母の月命日には花を買おうと思っていたのに、あっという間にやめてしまった。

罪滅ぼし、といってはなんだが、今日は『ボヘミアン・ラプソディ』を観に行ったのだった。

昔から真面目だった母は、意外なことに学生時代、ロックが好きだった。

彼女が中学だか高校のときに友達と回し合っていたノートを見せてもらったことがある。

「お母さん、KISSとQUEENの違いがわからないんだよ!」
そうノートに書いていた人が将来、ミスチルとスピッツの区別がつかない母親になるなんて、驚きである。

母は闘病の末亡くなったから、不治の病で亡くなる人が出てくる作品を観るのは、やはり苦しい。
病気の様子を見るのも苦しいのだけれど、病気のせいで孤独が尖る感じがフラッシュバックするのが、またつらいのだ。

母は父の傍若無人な言葉に長年苦しめられていたのに、それでもある日言ったのだった。
「あの人は、私のことなんて、どうだっていいんだ」

重い病気になった人やその周りの人は、人間関係について、そうでない人よりシビアになると思う。

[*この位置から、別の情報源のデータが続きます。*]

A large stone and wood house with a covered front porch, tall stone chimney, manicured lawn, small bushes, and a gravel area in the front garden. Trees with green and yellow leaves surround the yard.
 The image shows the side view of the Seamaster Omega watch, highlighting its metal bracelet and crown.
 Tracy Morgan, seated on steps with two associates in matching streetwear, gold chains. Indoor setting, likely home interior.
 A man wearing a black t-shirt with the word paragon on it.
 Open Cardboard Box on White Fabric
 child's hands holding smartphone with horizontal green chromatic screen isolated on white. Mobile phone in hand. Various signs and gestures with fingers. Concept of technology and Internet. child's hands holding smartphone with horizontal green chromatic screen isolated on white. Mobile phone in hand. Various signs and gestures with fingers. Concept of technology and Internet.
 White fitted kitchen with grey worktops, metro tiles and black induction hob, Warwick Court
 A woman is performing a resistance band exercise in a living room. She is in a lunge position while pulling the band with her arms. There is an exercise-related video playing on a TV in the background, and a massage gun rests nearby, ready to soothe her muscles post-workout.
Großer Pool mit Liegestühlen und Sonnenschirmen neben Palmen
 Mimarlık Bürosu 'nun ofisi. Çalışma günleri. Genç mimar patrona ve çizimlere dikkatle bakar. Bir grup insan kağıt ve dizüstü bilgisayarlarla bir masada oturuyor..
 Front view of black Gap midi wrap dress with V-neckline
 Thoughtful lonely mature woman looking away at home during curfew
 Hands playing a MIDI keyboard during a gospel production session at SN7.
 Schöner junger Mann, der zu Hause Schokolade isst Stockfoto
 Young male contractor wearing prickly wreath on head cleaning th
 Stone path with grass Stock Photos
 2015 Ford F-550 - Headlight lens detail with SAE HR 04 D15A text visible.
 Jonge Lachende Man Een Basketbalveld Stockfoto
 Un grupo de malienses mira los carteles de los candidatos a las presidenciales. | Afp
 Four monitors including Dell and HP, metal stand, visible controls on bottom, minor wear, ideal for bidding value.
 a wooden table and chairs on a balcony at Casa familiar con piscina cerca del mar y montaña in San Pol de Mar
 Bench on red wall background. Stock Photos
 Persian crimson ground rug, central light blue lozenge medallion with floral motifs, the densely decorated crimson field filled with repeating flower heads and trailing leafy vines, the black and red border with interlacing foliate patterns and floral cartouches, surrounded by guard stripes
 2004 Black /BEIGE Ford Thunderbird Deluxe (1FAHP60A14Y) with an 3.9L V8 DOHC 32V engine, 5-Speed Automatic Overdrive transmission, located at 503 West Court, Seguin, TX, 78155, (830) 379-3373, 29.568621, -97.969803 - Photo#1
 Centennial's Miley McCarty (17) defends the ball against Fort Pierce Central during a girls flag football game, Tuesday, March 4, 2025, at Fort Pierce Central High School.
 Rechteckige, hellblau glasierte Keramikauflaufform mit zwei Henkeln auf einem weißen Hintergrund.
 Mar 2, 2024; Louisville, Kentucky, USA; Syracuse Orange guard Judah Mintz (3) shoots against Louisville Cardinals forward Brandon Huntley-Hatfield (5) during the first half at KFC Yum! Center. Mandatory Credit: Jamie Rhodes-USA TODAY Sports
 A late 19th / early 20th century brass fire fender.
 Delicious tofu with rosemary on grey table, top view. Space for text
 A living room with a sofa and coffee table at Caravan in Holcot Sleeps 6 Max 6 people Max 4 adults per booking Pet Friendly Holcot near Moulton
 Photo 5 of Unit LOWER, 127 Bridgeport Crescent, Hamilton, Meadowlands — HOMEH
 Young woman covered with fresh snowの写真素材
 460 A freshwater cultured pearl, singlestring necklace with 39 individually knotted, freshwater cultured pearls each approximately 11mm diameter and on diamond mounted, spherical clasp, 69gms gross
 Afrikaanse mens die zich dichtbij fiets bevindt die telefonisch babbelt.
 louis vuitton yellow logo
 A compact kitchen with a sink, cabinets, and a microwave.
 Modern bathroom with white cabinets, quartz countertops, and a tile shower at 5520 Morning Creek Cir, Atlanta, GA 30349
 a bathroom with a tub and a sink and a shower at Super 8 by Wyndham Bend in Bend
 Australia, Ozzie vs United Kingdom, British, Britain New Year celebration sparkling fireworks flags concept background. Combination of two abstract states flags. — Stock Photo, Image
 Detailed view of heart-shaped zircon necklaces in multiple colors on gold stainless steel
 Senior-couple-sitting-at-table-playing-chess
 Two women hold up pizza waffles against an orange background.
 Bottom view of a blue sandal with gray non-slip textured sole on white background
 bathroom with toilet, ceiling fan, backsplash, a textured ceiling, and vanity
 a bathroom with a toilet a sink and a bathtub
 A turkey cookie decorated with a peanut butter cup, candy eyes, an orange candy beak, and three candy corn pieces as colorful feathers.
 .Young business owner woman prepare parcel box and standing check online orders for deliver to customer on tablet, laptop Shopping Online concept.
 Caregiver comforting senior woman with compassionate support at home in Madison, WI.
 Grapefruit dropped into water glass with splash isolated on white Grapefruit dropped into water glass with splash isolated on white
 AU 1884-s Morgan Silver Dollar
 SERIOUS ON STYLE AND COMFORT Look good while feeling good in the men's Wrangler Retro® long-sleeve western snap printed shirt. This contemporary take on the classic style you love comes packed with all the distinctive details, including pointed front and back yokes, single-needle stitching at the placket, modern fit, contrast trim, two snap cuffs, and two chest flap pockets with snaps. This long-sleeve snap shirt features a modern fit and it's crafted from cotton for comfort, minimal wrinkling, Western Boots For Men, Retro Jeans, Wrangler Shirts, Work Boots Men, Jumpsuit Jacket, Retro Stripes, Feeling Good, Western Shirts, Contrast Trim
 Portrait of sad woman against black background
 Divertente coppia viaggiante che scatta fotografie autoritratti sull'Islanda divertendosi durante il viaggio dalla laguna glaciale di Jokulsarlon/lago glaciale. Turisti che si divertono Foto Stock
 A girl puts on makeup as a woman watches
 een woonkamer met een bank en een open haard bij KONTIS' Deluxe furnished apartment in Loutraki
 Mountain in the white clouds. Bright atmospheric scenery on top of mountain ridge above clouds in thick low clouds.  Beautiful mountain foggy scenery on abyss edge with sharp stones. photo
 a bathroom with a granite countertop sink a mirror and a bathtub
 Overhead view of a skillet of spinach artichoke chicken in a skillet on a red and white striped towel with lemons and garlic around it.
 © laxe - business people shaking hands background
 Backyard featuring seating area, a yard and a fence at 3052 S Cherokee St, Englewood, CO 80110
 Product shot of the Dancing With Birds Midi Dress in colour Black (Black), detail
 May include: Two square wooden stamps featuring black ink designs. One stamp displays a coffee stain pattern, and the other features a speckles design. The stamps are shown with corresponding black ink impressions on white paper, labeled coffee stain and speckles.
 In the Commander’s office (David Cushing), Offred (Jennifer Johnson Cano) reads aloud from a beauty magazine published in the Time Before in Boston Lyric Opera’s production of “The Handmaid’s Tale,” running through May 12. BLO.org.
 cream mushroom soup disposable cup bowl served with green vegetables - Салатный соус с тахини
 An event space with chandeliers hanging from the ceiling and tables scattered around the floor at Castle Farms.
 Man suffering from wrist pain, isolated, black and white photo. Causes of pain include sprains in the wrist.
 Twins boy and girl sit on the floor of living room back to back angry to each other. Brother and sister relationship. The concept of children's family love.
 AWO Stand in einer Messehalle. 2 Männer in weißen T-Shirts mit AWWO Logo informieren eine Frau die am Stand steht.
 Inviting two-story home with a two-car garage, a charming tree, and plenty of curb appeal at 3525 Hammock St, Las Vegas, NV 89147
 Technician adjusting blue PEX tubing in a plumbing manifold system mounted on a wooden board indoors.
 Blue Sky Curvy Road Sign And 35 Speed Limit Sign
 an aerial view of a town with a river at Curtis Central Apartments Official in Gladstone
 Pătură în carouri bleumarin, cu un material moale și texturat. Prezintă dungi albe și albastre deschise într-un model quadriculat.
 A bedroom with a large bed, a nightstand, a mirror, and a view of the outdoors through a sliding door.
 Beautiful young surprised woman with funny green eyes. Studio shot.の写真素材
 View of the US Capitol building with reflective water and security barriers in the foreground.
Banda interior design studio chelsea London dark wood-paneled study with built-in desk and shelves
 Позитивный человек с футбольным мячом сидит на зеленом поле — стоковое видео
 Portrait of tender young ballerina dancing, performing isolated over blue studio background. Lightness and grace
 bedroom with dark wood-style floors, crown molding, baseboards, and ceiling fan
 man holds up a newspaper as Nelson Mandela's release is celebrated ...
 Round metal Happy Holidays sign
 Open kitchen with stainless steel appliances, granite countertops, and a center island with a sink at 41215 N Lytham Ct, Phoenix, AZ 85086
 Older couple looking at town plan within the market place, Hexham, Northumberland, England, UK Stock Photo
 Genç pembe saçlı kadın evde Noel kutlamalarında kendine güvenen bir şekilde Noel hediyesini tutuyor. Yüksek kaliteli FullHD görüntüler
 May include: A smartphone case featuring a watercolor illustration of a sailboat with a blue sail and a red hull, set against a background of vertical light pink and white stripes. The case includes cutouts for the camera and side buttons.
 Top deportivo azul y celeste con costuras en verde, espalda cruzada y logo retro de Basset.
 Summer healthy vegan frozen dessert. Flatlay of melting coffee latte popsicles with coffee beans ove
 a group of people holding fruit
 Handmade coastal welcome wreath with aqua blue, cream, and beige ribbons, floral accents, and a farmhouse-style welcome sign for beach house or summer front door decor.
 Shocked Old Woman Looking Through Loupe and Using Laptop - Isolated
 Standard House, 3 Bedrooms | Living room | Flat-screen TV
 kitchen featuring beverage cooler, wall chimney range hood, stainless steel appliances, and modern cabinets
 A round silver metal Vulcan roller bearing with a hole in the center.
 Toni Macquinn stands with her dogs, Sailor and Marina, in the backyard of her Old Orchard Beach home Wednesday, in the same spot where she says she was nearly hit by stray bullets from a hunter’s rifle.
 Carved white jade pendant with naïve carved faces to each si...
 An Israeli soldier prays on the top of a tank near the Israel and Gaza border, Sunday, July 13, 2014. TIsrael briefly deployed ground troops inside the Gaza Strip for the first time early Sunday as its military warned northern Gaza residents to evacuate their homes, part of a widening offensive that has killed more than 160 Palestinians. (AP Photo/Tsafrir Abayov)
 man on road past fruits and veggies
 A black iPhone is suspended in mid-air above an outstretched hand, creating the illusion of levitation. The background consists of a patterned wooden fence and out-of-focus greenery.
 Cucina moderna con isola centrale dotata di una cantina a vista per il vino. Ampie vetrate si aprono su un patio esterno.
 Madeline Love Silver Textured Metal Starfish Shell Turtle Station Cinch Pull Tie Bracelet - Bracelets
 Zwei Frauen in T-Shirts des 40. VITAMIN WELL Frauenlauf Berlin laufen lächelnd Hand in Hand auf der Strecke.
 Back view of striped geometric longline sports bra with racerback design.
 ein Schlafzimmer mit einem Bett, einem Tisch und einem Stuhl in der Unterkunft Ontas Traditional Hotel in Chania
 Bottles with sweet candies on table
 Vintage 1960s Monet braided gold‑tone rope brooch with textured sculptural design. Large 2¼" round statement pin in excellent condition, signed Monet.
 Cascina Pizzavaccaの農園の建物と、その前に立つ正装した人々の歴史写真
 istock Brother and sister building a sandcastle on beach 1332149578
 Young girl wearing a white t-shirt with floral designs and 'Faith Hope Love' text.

「この人は、私がいなくなってどれくらい悲しんでくれるんだろう?」

「この人は、貴重な時間をともに過ごすことに使いたいと思うほど、私のこと愛してくれてるかしら?」

「この人は、私がどん底にいるとき、ちゃんとそばにいてくれるのかな?」

自分で蒔いた種でも、病気のフレディがどんどん一人ぼっちになっていくところは、みていられなかった。

やめてくれ!

孤独を忘れていられるように、私は創作をしているんだから、そんな才能を持ってしても孤独だなんて、真実を見せないでくれ!

私は心の中で何度も叫んだ。

特にメアリーとのエピソードは(病気になる前から)、見るのが忍びないシーンばっかりだった。

相思相愛だったメアリーと
関係がぎくしゃくしていく中で、
相手の「愛してる」に返答できなくなる
二人の正直さ、とか。

フレディが自分は同性愛者だと自覚して
もう恋人ではなくなったから
隣の家に住んでいるのに、
窓から見える互いの部屋の電気を
付けたり消したりしあうところ、とか。

もう一緒にはやっていけないのは
フレディだってわかっているのに、
メアリーから
他の人の子を妊娠したと聞いて
どうしようもなく
動揺してしまうところとか。


誰かの一番になることは
どうしてこんなに難しいんだろう。
一番であり続けることは、 
どうしてほとんど不可能なんだろう。


まあ、でも、ともに孤独だから、
私はフレディの歌に、
心震わすことができたんだろう。

本当は孤独なんて、
その辺に置いていきたいけど、
でもこれは、みんなの共通の持ち物だから。
なくしたらきっと
わかりあったような気持ちにすら
なれなくなる。  


母の代わりに、と思って観に行ったけど
やっぱり誰かの代わりに
観るなんてできないもんだなあ。
私は私の経験と、価値観を使ってしか
観ることができなかったよ。

だから、やっぱり、
母と一緒に観に行きたかったなあ。